▸ **WORK TO BE COMPLETED**
Everything from the line containing "Let's make the" through the line containing "Hey guys, Antos" in the listing below should be copied exactly, and nothing more.

▸ **EXTRACTED DATA**
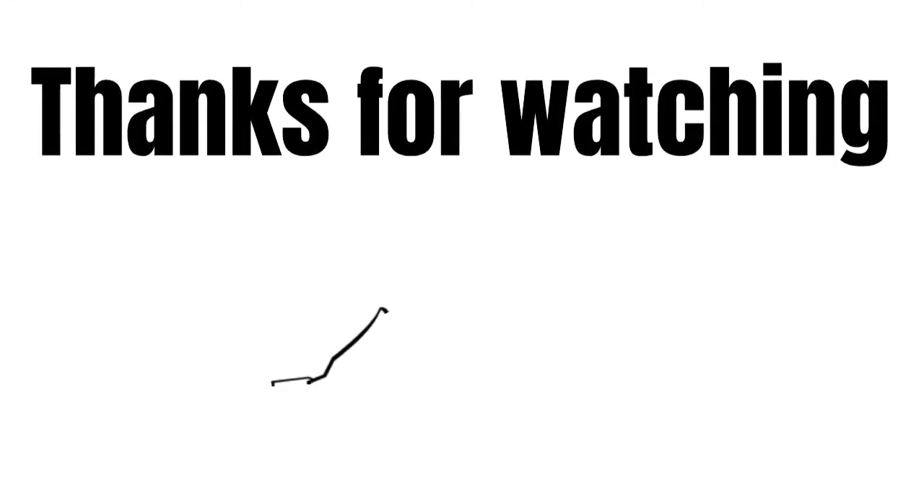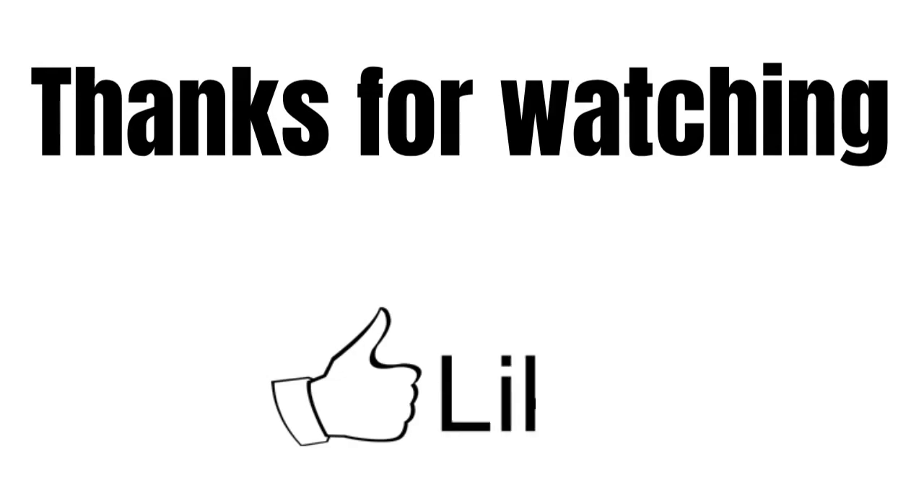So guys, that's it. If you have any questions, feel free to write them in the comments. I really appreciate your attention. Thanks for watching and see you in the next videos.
* * *
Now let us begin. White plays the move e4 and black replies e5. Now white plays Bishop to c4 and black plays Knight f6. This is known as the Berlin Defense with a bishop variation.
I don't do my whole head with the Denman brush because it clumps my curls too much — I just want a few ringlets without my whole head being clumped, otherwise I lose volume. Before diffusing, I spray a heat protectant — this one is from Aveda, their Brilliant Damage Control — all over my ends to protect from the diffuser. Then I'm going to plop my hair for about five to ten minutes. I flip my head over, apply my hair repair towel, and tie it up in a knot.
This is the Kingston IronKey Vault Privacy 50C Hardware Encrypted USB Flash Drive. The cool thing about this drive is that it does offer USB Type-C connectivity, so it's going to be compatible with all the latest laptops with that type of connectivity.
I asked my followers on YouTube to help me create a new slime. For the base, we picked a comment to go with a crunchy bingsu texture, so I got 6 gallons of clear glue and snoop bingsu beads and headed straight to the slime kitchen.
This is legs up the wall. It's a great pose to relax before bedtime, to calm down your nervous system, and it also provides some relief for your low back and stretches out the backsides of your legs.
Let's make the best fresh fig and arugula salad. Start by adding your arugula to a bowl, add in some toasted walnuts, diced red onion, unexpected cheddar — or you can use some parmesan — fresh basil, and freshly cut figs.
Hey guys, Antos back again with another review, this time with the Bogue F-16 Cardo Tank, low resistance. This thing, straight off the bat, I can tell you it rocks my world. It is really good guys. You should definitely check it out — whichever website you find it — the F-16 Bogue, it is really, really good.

▸ **TASK ANSWER**
Let's make the best fresh fig and arugula salad. Start by adding your arugula to a bowl, add in some toasted walnuts, diced red onion, unexpected cheddar — or you can use some parmesan — fresh basil, and freshly cut figs.
Hey guys, Antos back again with another review, this time with the Bogue F-16 Cardo Tank, low resistance. This thing, straight off the bat, I can tell you it rocks my world. It is really good guys. You should definitely check it out — whichever website you find it — the F-16 Bogue, it is really, really good.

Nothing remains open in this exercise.